_To do_: Given the entries below, would you transcribe exactly the lines starting at the one with "Imagem Apartamento com" and ending at the one with "Shapes Series II", both kept, pictures omitted, nothing extra?

START Data to process

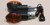 K&S Marker Lights Mini-Stalk Ultra Small Carbn (S/F) Amber 25-8360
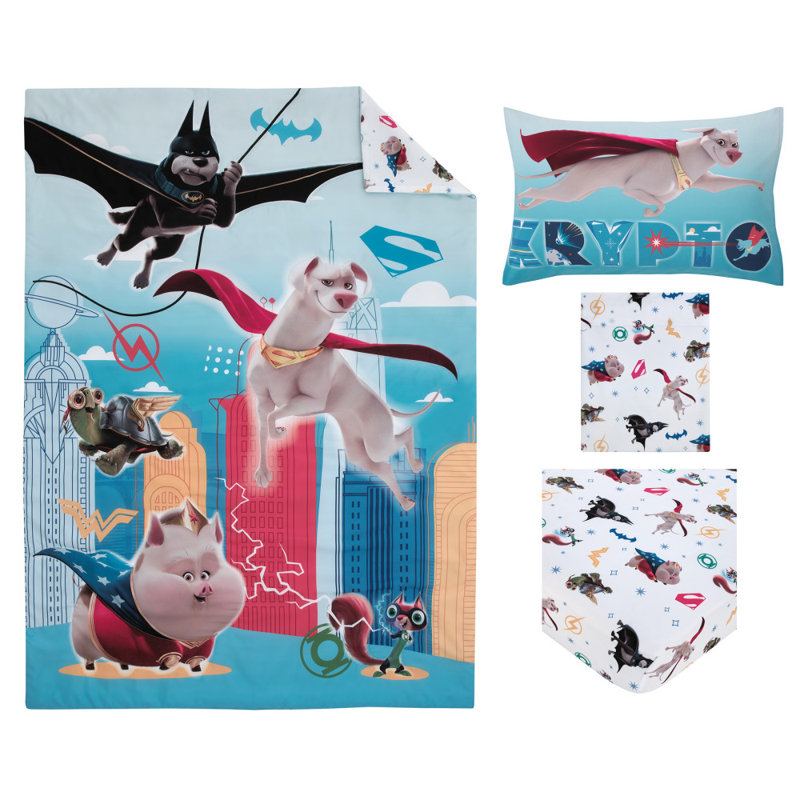 Ensemble de literie pour tout-petits 4 pièces Warner Brothers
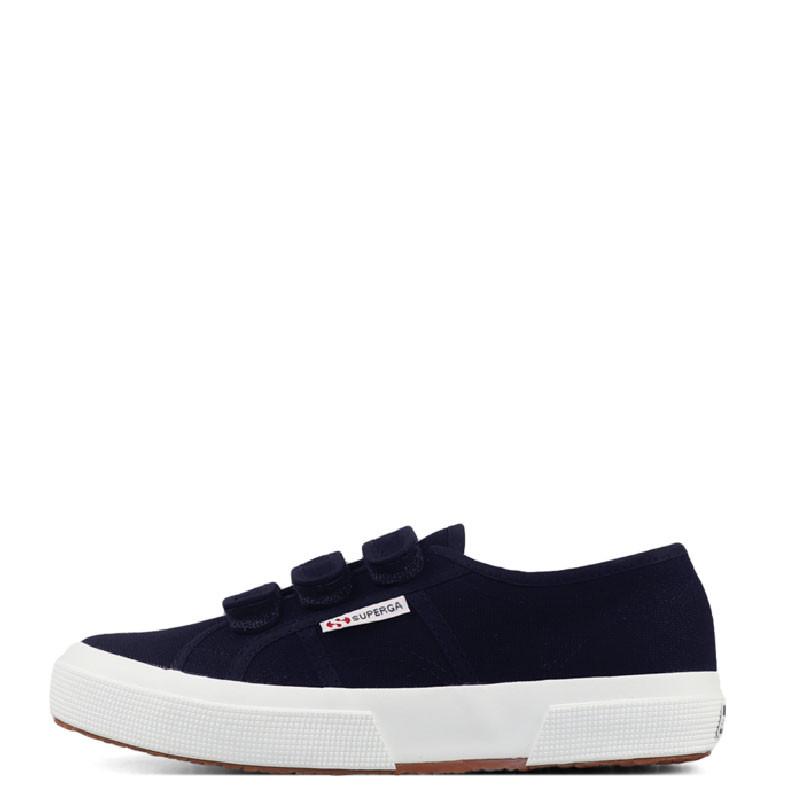 Cot3Strapu Scratch Sneaker - Azul - Mixto - Superga - Superga - The Bradery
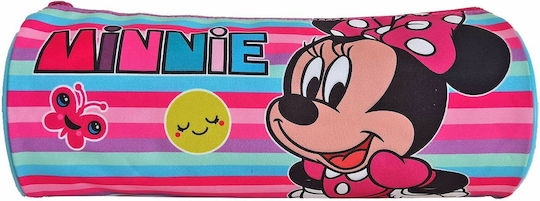 Κασετινα Βαρελακι Minnie 23x8cm Disney 1010e-9777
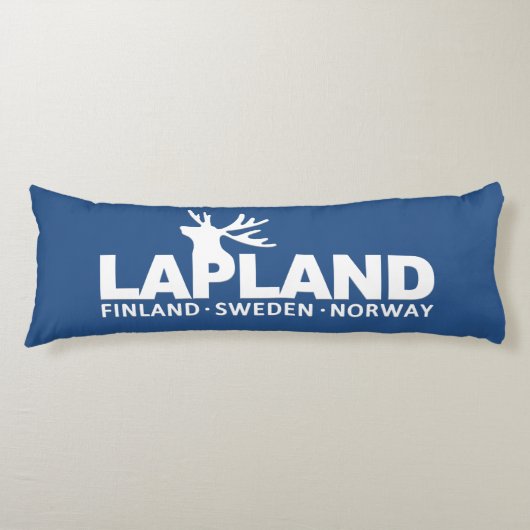 LAPLAND-Kissen Seitenschläferkissen (Vorderseite)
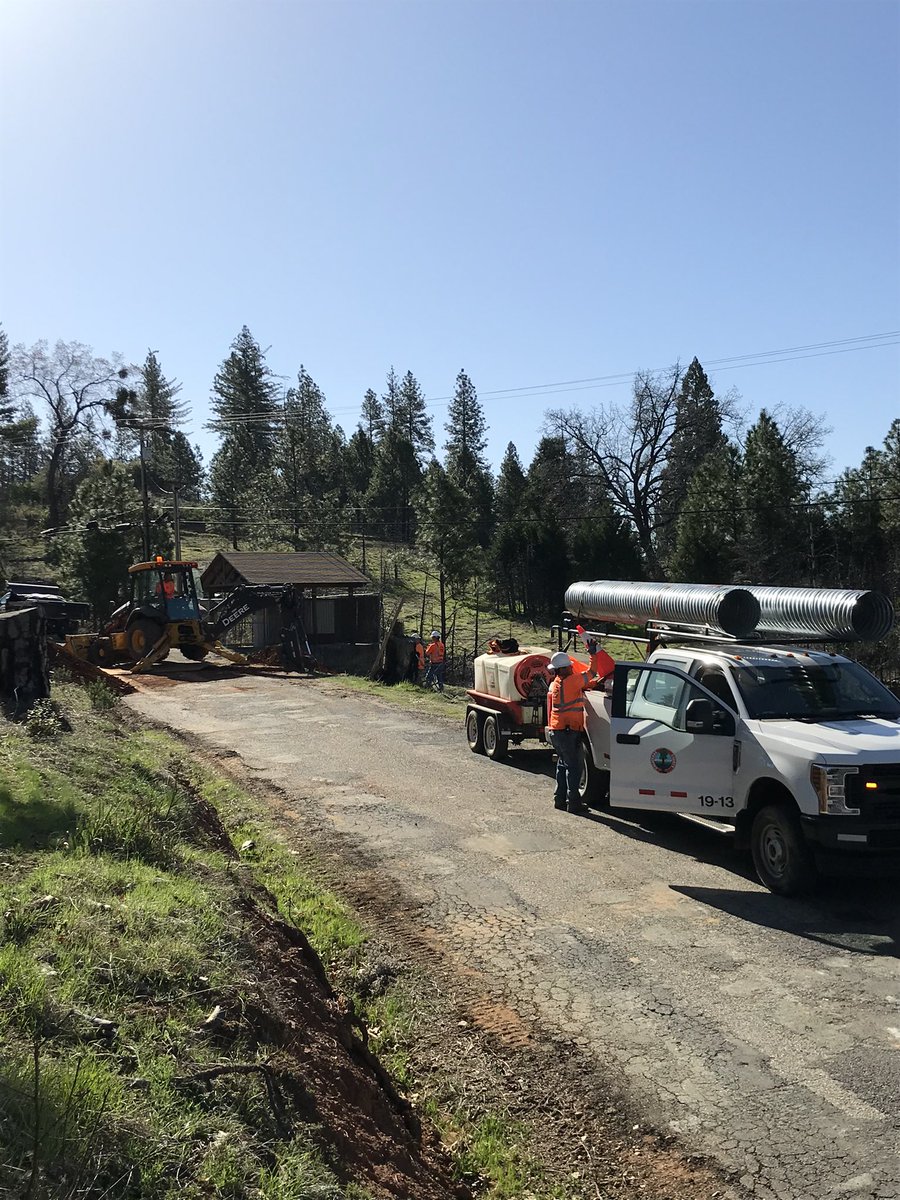 Calaveras County Public Works Department (CalaverasPW) Twitter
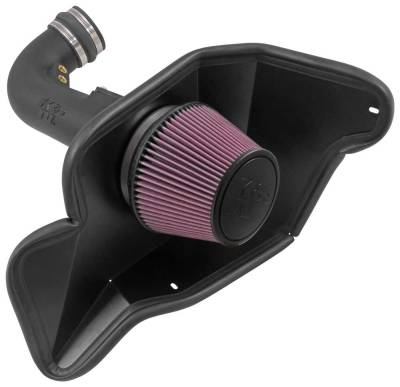 K&N - K&N 63-2590 Aircharger Performance Cold Air Intake Kit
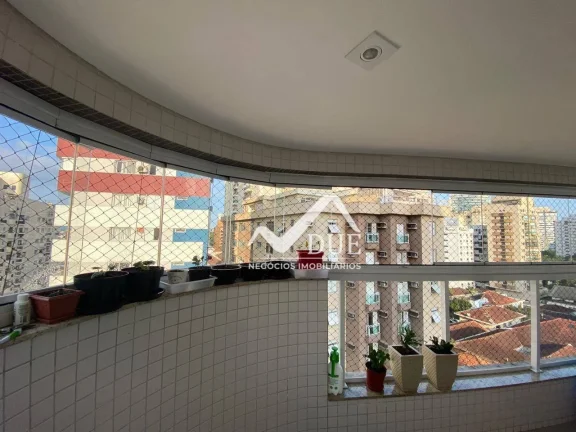Imagem Apartamento com 2 dormitórios à venda, 76 m² por R$ 950.000,00 - Gonzaga - Santos/SP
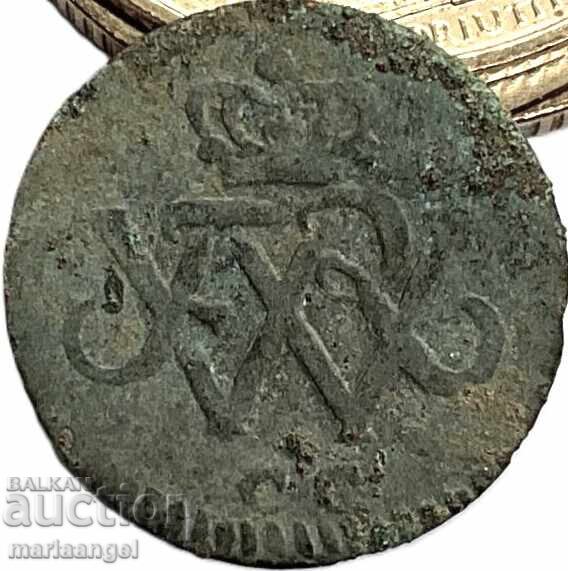 1 Shilling 1715 Germany Kingdom of Prussia 1 Solid rare with price € 9.90 | 19.36 BGN
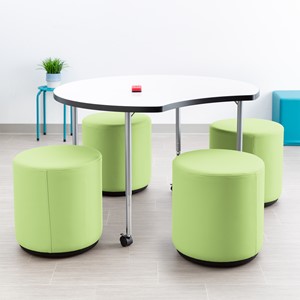 Shapes Series II Vinyl Soft Seating - Rocking Cylinders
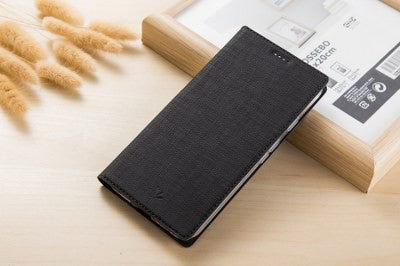 Galaxy Note 9 Book Case Wallet Tasche Schwarz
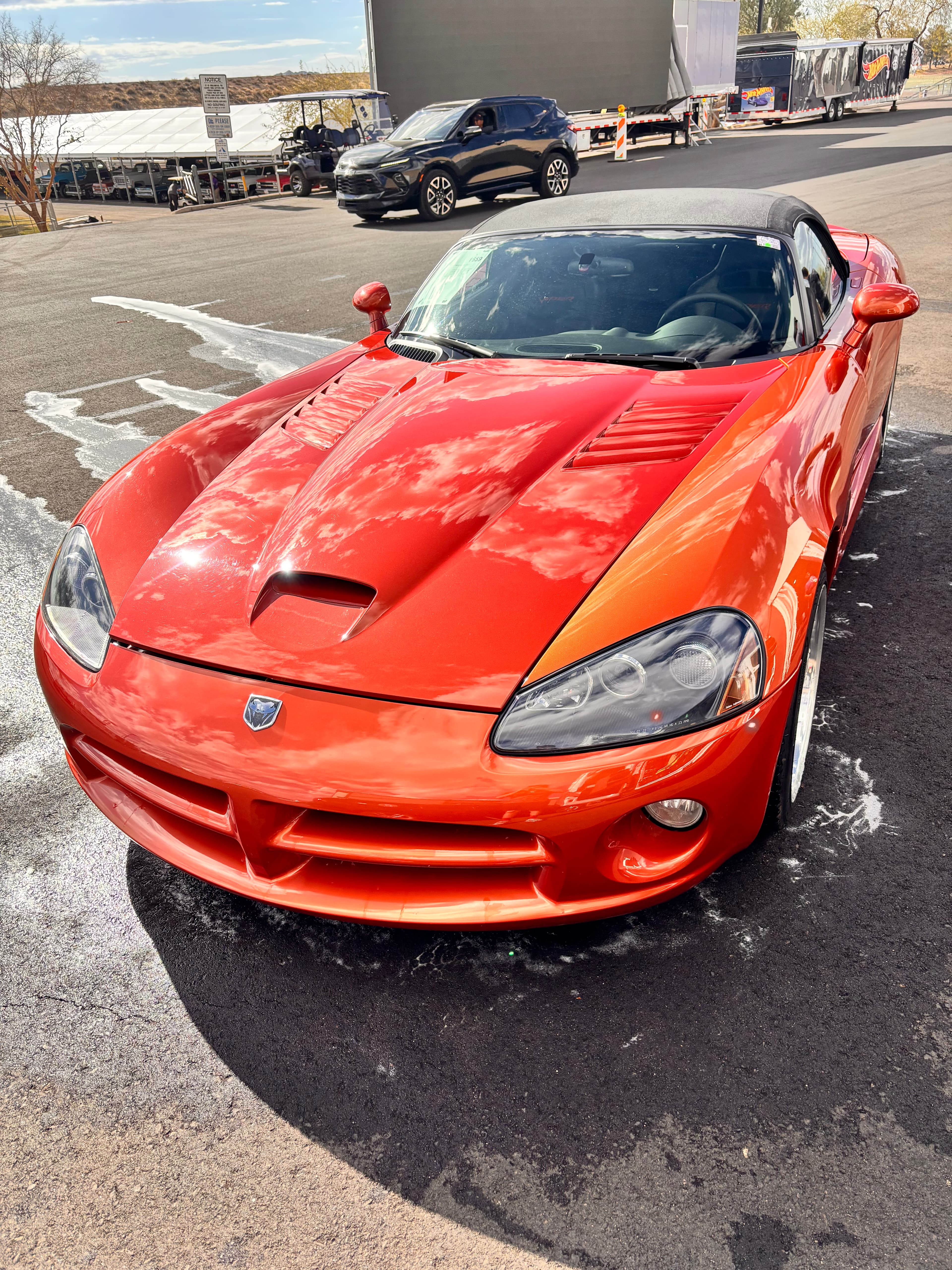 Exotic car with a glossy ceramic coating finished by Go2U Detailing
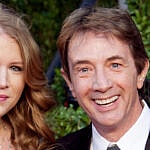 Katherine Elizabeth Short and Martin Short 2011 Vanity Fair Oscar Party at Sunset Tower Hotel
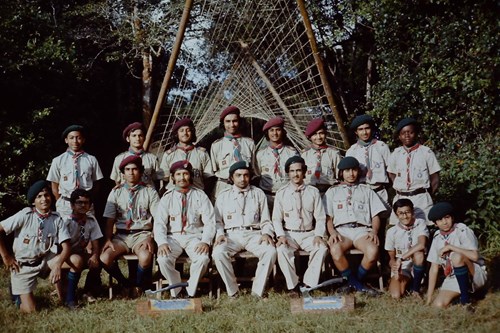 Leakey in 1977
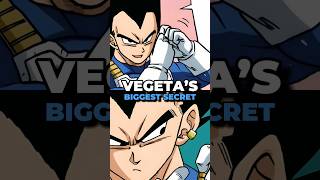 Vegeta’s biggest secret!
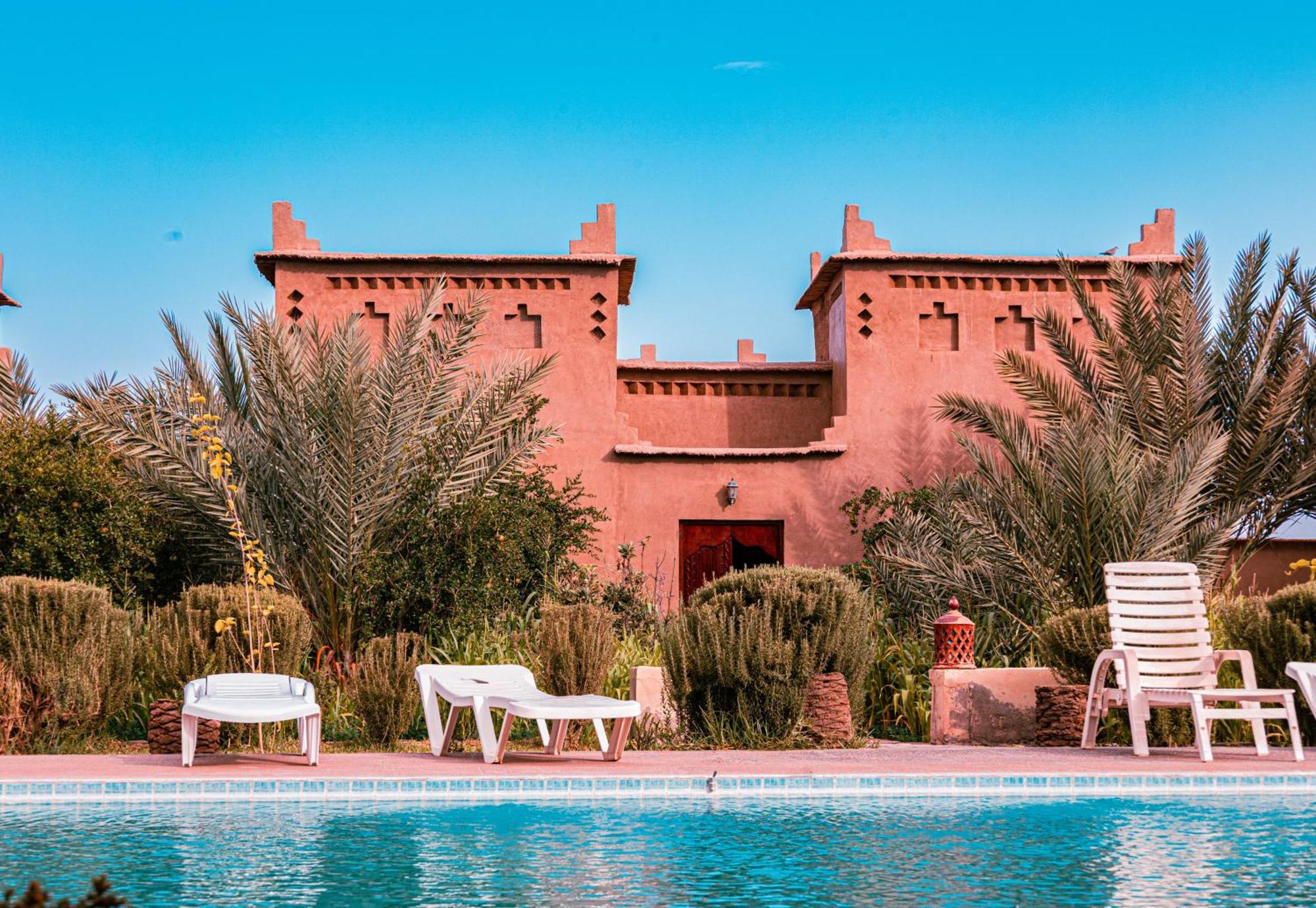 Maison D'Hote Amridil Skoura Exterior foto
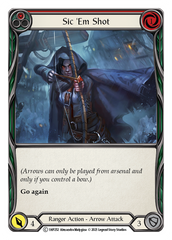 Sic 'Em Shot (Red) - Flesh and Blood TCG - MoxLand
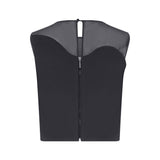 BLUSA CURVAS PRETO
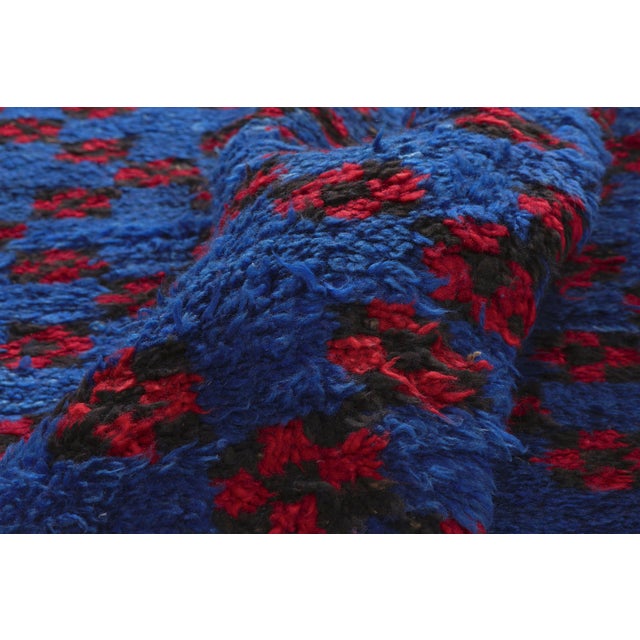 Vintage Beni MGuild Moroccan Rug, 06'02 X 11'01 For Sale In Dallas - Image 6 of 10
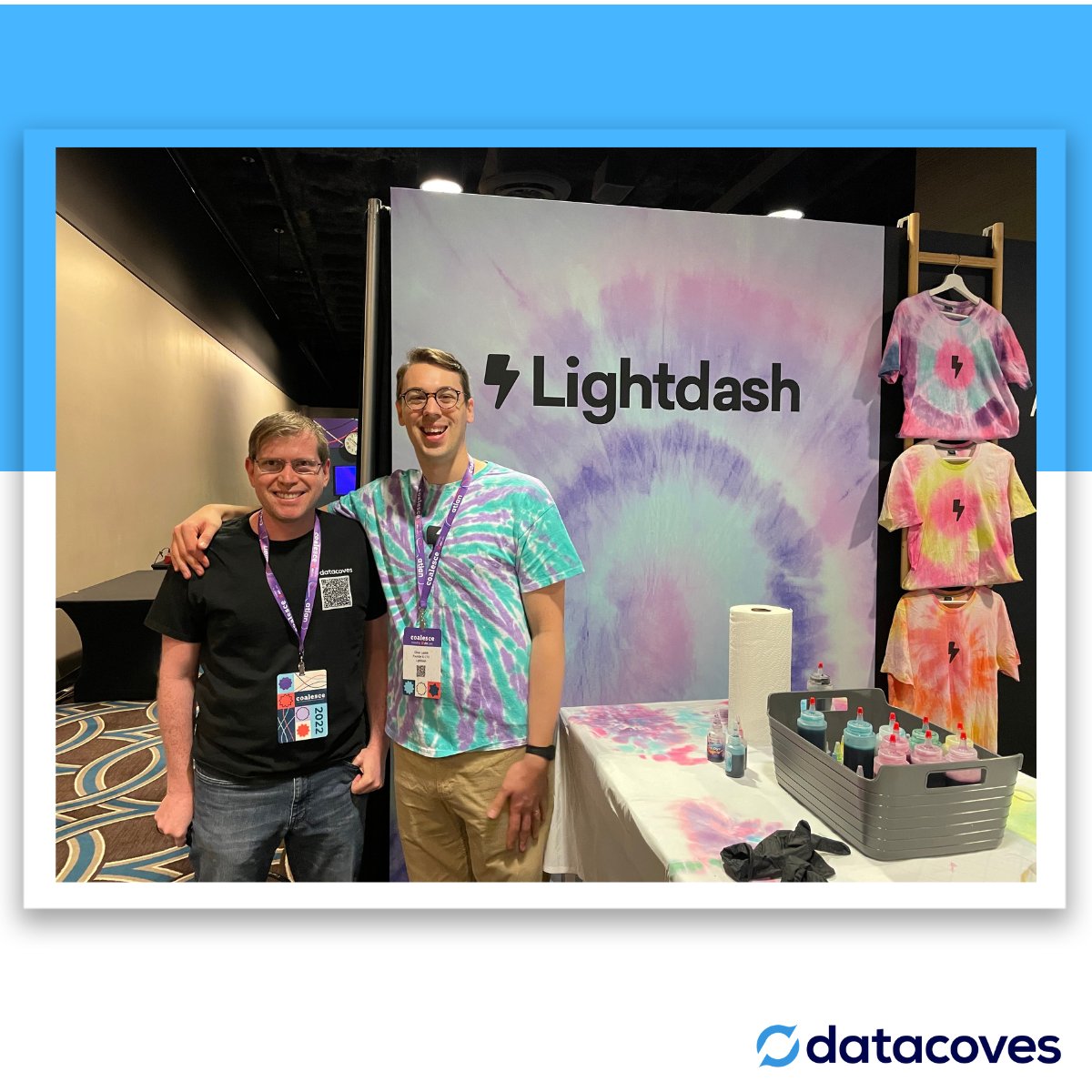 datacoves's tweet photo. Oliver Laslett (Co-Founder of @lightdash_devs) and Noel Gomez (Co-Founder of Datacoves) hanging out at the
@coalesceconf.
@datumnite @noel_g @getdbt
#coalesce2022 #dbtcoalesce #datacoves #lightdash https://t.co/UWvAi9vdIy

END Data to process

_Exercise output_:
Imagem Apartamento com 2 dormitórios à venda, 76 m² por R$ 950.000,00 - Gonzaga - Santos/SP
 1 Shilling 1715 Germany Kingdom of Prussia 1 Solid rare with price € 9.90 | 19.36 BGN
 Shapes Series II Vinyl Soft Seating - Rocking Cylinders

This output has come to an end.